What is required: Below are the entries. Transcribe exactly the lines from the one with "Hyundai IX20 1.4 66Kw, rok 2012 - 8" through the one with "Wholesale Women's Copper", ends included, and leave out all others.

Input data:

===

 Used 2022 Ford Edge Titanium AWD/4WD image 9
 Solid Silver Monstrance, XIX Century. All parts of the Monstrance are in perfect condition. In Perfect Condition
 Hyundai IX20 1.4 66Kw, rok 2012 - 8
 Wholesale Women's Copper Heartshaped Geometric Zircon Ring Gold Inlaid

===

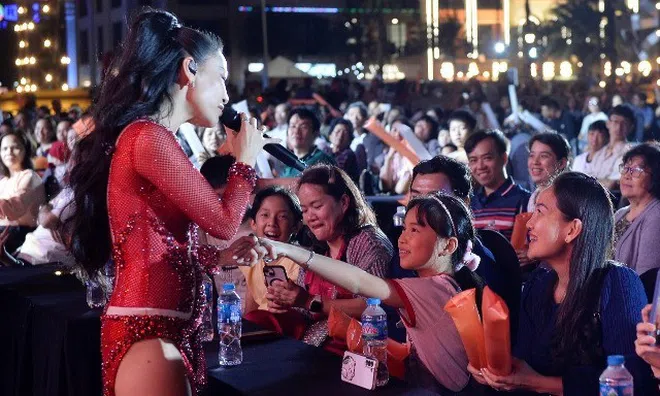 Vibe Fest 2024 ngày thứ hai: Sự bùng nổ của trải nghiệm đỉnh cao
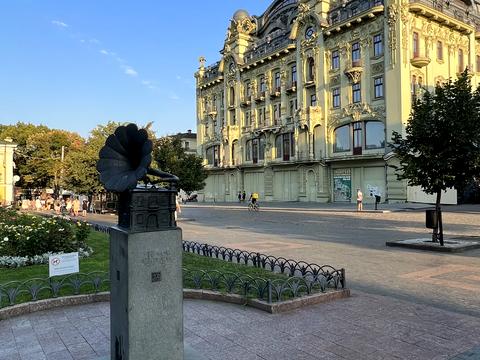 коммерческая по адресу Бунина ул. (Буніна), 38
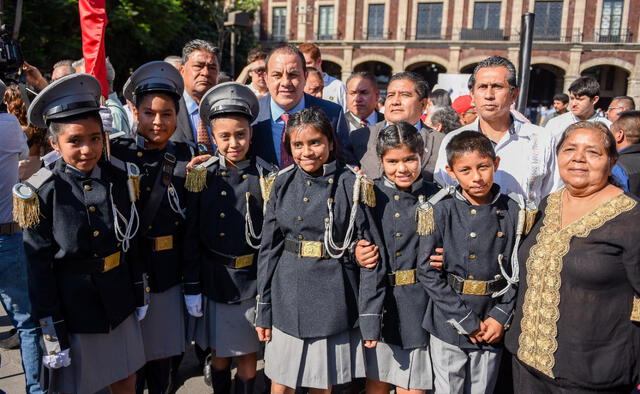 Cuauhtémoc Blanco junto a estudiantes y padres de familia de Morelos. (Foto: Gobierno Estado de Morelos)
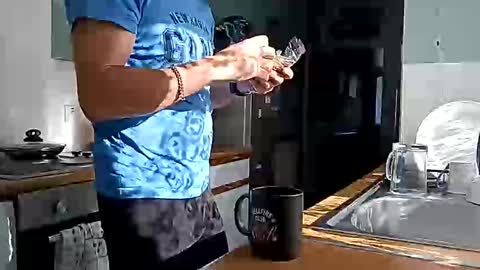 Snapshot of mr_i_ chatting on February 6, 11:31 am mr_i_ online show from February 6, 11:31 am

===

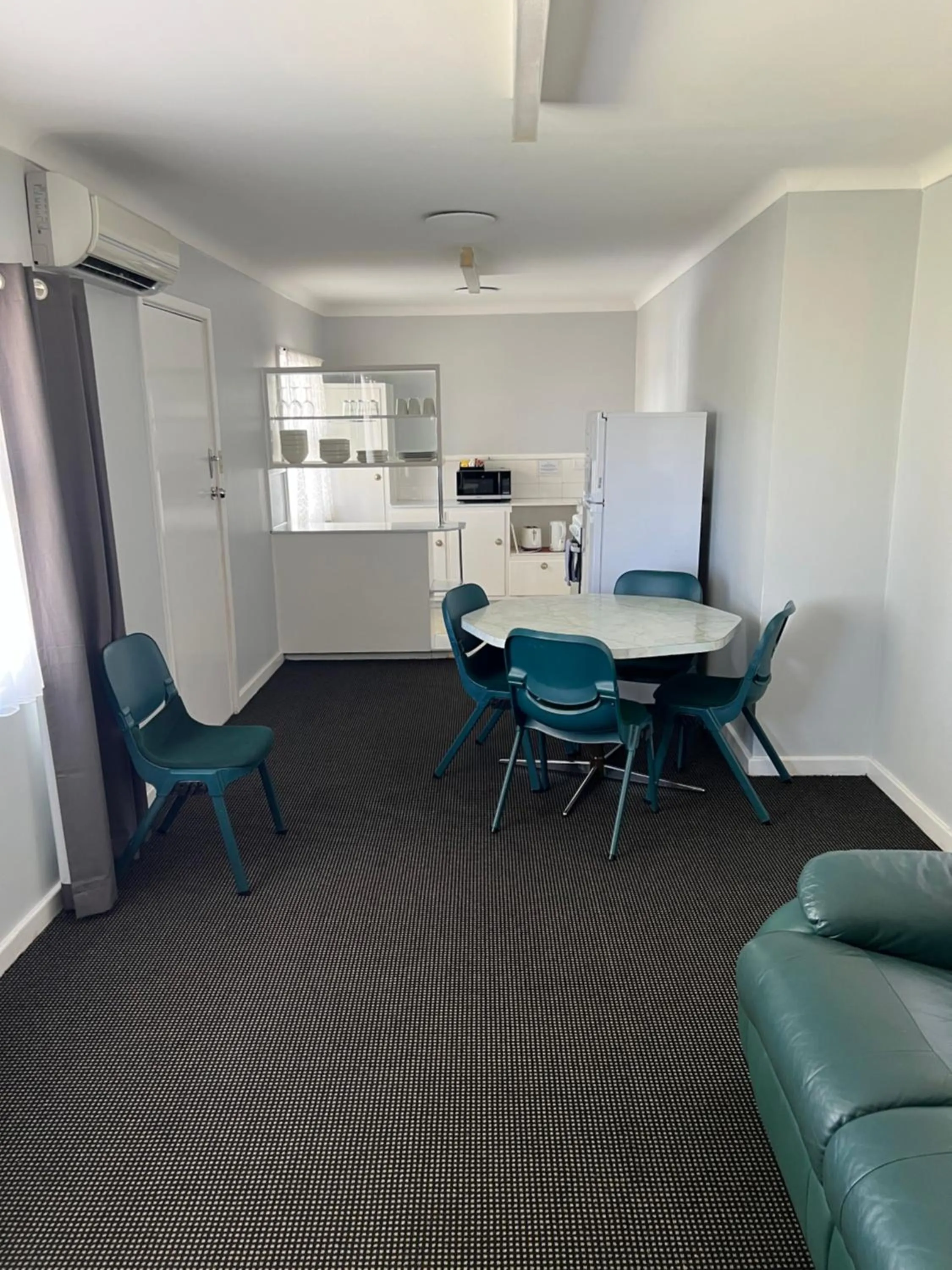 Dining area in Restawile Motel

===

Problem solution:
 Hyundai IX20 1.4 66Kw, rok 2012 - 8
 Wholesale Women's Copper Heartshaped Geometric Zircon Ring Gold Inlaid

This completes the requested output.